Saturday, March 21, 2015

Second Pregnancy Update: 21 Weeks

21 Weeks!
Different pregnancy symptoms have started to emerge over the last week!

Pregnancy Symptoms
The round ligament pain seems to have eased off temporarily, though it wouldn't surprise me if it came back before too long. It may be that some of the stretches I have to do in my birthing classes are helping that out. There is some occasional lower back pain, but that too could be related to some exercises that I'm doing for the class.

I've noticed that it's getting much harder to change sleeping positions at night, because my belly feels large and heavy! This will certainly increase the further along I get in the pregnancy, since my belly is just going to keep getting bigger.
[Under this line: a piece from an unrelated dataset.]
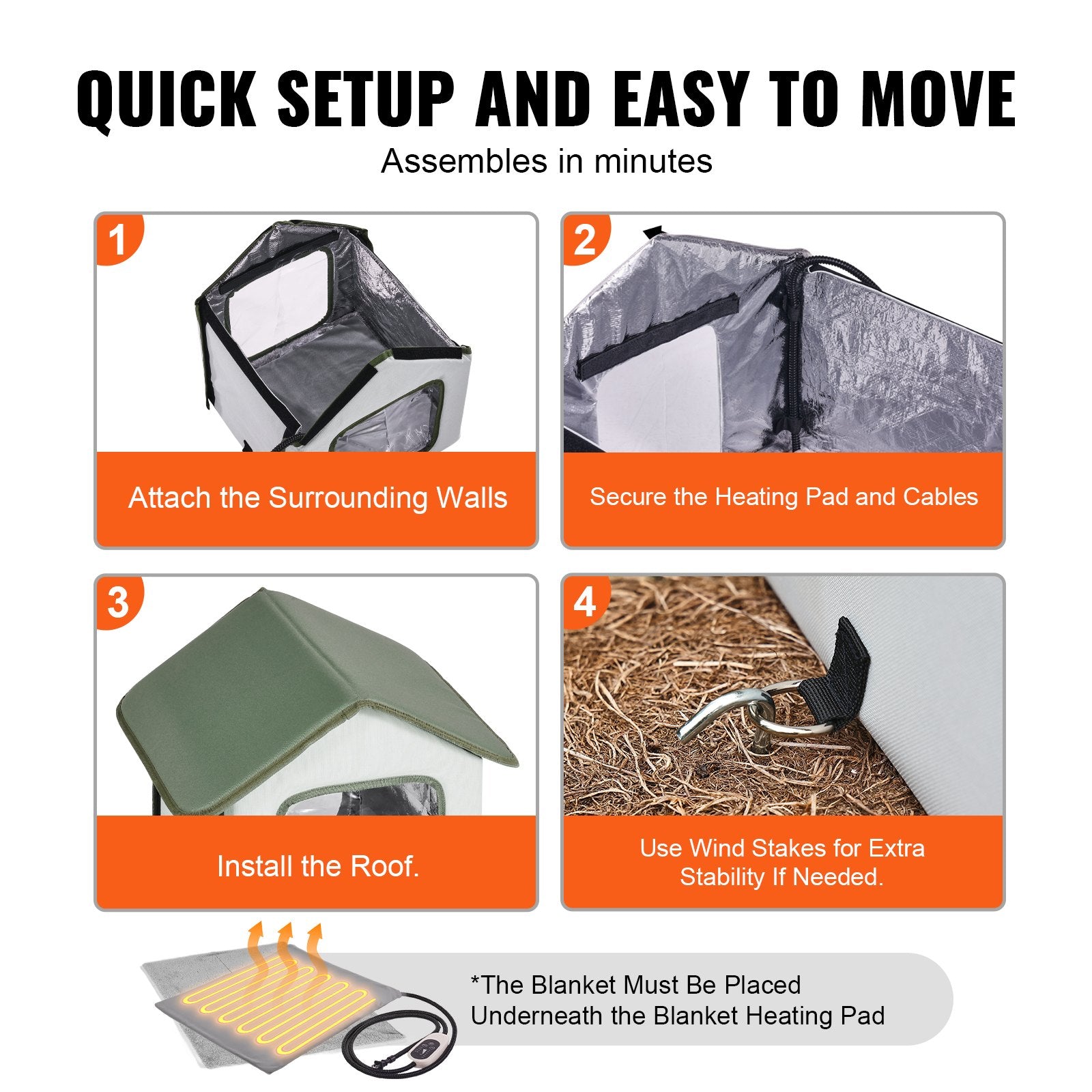 VEVOR Elevated Heated Cat House with timer for Outdoor Shelter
It hasn't been a problem so far, but it takes me way longer to roll from one side to the other than I am used to. At least I have lovely baby kicks to amuse me until I find a comfortable spot!

I also can't bend at the waist at all after eating a meal and if I stand up straight, I can't see my toes because my baby bump sticks out so far! That's not an issue for me though, because it means Baby Girl is still in there and still growing. From time to time, my belly will bump into something or press buttons accidentally. I have a feeling this will just become more common, too! Though it could be my imagination, I feel so much bigger at 21 weeks with this baby than at 23 weeks with Adelyn Jane!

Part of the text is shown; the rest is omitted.